How are commissions? Busy? Yeah.
Need any help with anything? No? Okay. Feel free to ask if you do.
"Ughhhhh, this heat. Whyyyy did I move to the desert...?! Oh hey, sorry. I'm just busy dying... Ughhhhhh...."
Buddy:
"I keep running out of water... No, not with the machines, it's my garden. Think I got a bit overzealous..."
“Hey, you explore the ruins lately? Find anything cool? I mostly turned up a bunch of cheap plastic junk, but there are some interesting things here and there.”
“If you wanna use the telescope without risking Qi giving you the stinkeye, he never uses it between 3 and 4 AM on Mondays, Wednesdays, and Thursdays. Yeah, odd hours. But this is Qi we’re talking about, remember?”
“I don’t mind taking up something extra if it’ll help you out. With a guy like Yan at the helm, we need each other’s backs as much as possible…”
“Slow going machine? Hmm… Here, let me. I know a trick to make this a little faster…”
Good Friend:
“Quick question: what’s your favorite plant? …I see, I see. Lemme see if I can get my hands on it and we’ll see if it can grow out here!”
“Do I miss Highwind? Eh, yes and no. I’ve still got a chip on my shoulder about the place, but…it doesn’t matter now. I’ve got Sandrock. And I’ve got you.”

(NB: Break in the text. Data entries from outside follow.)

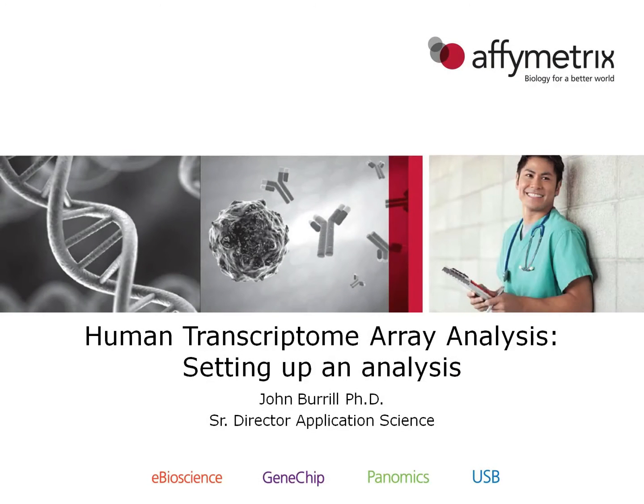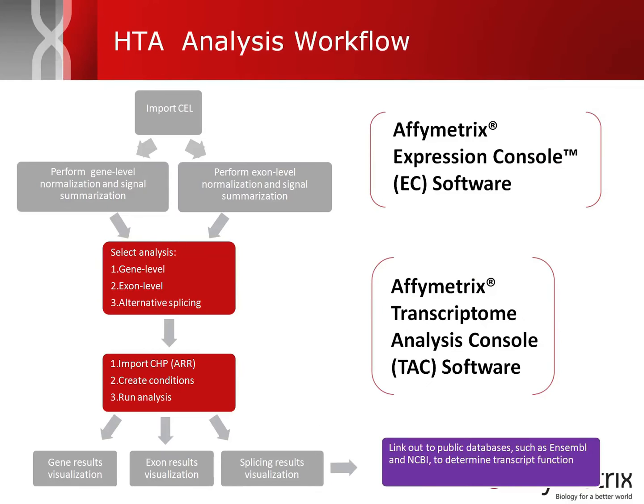Hi, and welcome to the video on how to set up an analysis for the Human Transcriptome Array. The Human Transcriptome Array analysis workflow consists of two different software packages available from Affymetrix.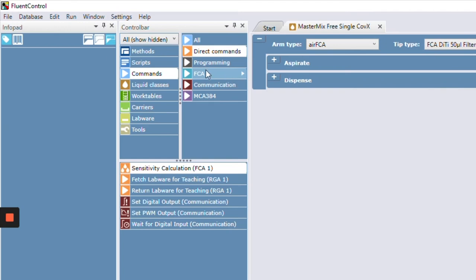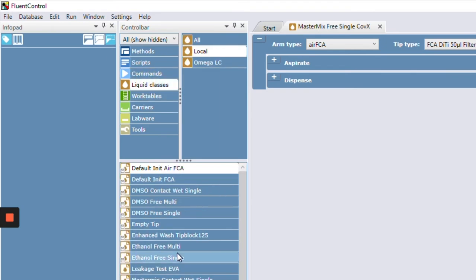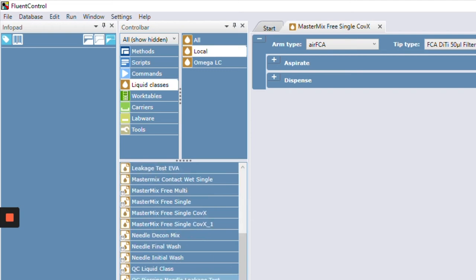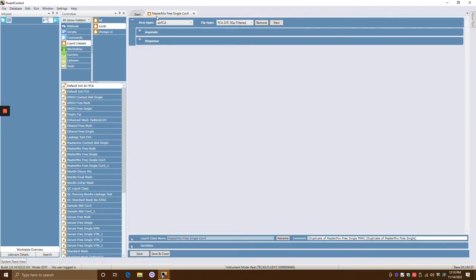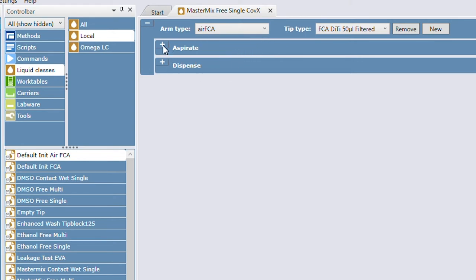Liquid classes lives right here under the control bar. You click on liquid classes and you can see all the different types we have. Keep in mind there's a different type of liquid class for the MCA versus the Air FCA — the Air FCA has way more options than the MCA.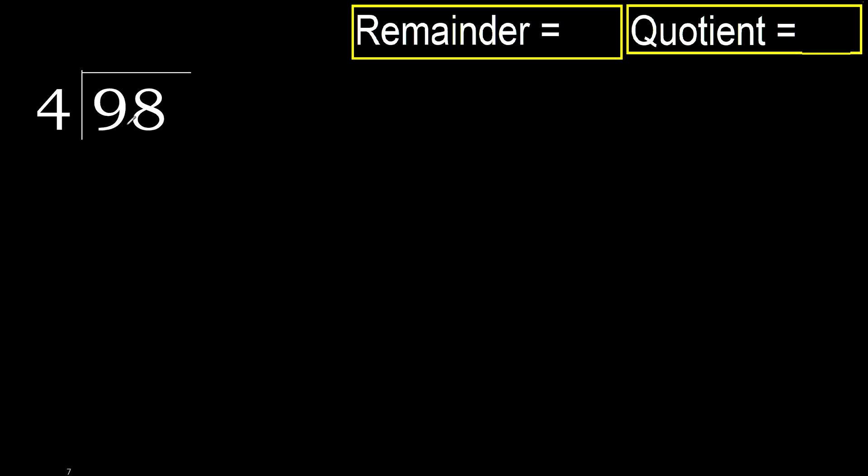98 divided by 4. 9 is not less, therefore with 9. 4 multiplied by which number is nearest to 9 but not greater?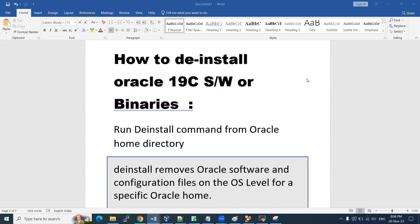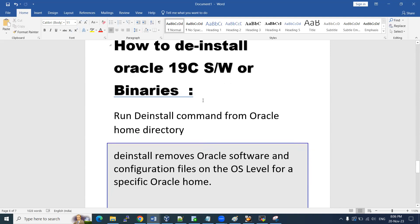Welcome to the session. In our previous session I showed you how to remove and delete unused databases from an existing server. In this session I'm going to show you how to de-install the Oracle software. You have deleted the database but the software will still be there. To decommission a server completely we need to do two steps: first delete the database, then de-install the software. I'll show you in this lab how to de-install Oracle 19c software binaries from a Linux machine.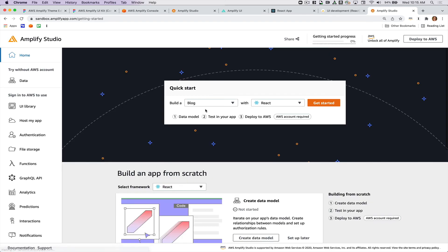You can go to sandbox.amplifyapp.com to get started, and I would love to hear any feedback that you have while working with this.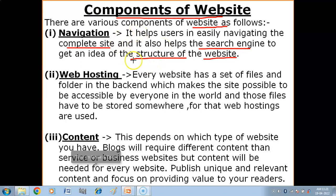The next component is Web Hosting. Every website has a set of files and folders in the backend which makes the site accessible by everyone in the world, and those files have to be stored somewhere. For that, web hosting is used. Web hosting is an online service that allows you to publish your website on the internet, so anyone with internet access can access your website.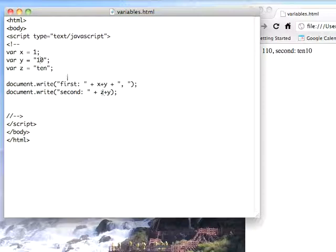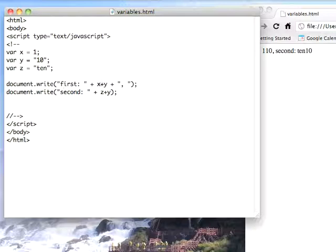So let's take a look at that. I've got two things down here. I've got 1, the string 10, the string ton. First I concatenate the sum of x and y, which is going to just be concatenation, and then a space, and then second, z plus y. So that should be two strings.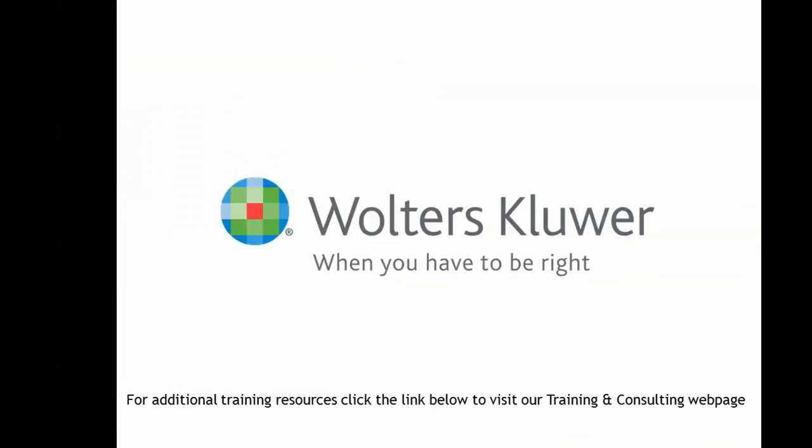Thank you for watching this short video on using the estimate feature, and I hope that you found it to be informative. For additional training resources, click the link below to visit our training and consulting webpage.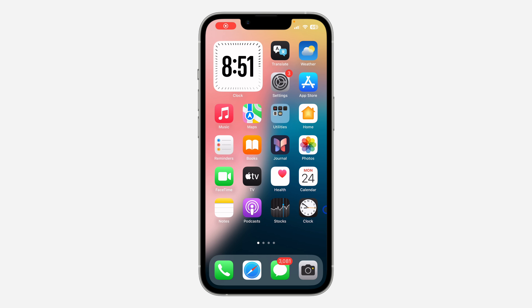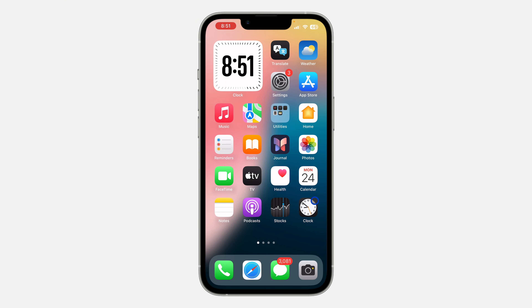Hey guys, in today's video I'm going to show you how to remove app names on the iPhone home screen. If you want to remove the name of all the apps on your iPhone home screen, let me show you how it's done. With the new update of iOS 18, you can now do that.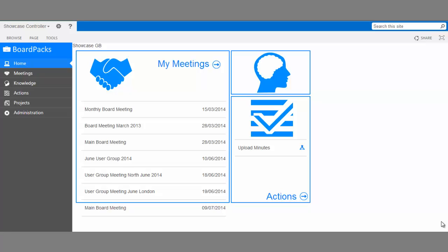With new BoardPacks, creating and editing meetings is easier than ever. This is the home screen for new BoardPacks. From here, you can navigate to any area of the program you like.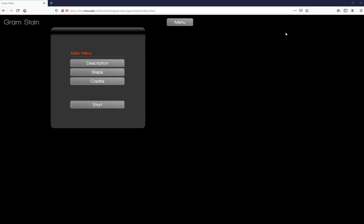Hi, this is Mrs. Alexander and I'm going to show you how to do your virtual gram stain using the website shown above.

“My aunt Solanum sent me more pomato seeds again… You want any? No? Okay. …You want any potatoes or tomatoes? Swing by my place if you do. I have…many.”
I always keep my screwdriver set on me. You probably should too. You never know when you’ll come across something that needs screwing, or something that needs a little leverage, or a time when you need a stabbing weapon! …What? Never an impossibility.”
Sandstorm: “Careful out there. It’s already hard to see and the sandhat only makes it worse. Stay close to landmarks you recognize.”
Rain: “Raaaaaain! Oh man, I don’t have to water all gajillion of my plants today! Yaaaaay!”
Player has a new haircut: “Hm? Oh, new hair! Looks good.”
Player has panda eyes: “Hey, you good? It’s not really worth it to try and squeeze out work past like, 10 PM. Trust me, I would know.”
Player cuts a tree in front of Wis: “Oi, oi. That was a nice tree, I’ll have you know. Not many of those around here. Now it’s dead.”
Player attacks Wis with a weapon: “Ack! Be careful! That’s not a sparring weapon!”
Birthday: "My birthday? Fall 26. Born just before the end of the best season. Yes, fall is the best season. Objectively true."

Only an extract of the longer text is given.